Requirement
Supply the number of lines below containing "rent", nothing else.

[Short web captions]
↓

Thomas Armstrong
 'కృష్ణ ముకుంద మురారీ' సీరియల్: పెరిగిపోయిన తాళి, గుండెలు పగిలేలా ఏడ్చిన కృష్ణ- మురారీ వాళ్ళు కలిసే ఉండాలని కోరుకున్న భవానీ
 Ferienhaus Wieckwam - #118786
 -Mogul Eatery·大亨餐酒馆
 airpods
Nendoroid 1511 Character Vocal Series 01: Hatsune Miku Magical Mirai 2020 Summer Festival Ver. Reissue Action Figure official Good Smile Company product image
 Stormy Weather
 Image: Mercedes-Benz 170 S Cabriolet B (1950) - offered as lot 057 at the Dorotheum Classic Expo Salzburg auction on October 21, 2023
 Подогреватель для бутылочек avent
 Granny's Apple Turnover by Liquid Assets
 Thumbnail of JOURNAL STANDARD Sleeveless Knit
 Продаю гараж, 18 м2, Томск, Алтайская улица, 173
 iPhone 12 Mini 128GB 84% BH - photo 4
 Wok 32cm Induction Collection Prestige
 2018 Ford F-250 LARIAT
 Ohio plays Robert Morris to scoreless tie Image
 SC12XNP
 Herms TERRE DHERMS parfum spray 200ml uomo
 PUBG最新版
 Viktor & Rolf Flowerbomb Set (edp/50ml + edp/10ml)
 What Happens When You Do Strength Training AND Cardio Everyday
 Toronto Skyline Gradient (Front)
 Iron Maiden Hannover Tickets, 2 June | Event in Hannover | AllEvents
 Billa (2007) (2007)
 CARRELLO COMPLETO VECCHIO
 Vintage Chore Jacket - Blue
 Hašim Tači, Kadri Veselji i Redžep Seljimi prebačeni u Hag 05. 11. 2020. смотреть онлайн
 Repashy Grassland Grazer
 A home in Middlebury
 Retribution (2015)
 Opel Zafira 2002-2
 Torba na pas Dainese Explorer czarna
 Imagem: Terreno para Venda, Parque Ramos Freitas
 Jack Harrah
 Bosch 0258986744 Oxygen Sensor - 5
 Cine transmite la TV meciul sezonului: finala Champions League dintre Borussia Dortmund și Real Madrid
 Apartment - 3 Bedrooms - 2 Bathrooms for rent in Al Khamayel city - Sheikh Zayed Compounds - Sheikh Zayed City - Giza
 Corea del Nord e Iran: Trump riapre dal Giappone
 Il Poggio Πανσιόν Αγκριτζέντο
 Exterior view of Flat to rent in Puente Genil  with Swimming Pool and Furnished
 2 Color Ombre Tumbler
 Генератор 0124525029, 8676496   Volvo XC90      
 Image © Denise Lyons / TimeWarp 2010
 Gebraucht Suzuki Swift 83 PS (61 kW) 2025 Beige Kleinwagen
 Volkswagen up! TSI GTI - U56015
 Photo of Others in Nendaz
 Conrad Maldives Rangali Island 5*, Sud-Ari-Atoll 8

↑

Exercise response
2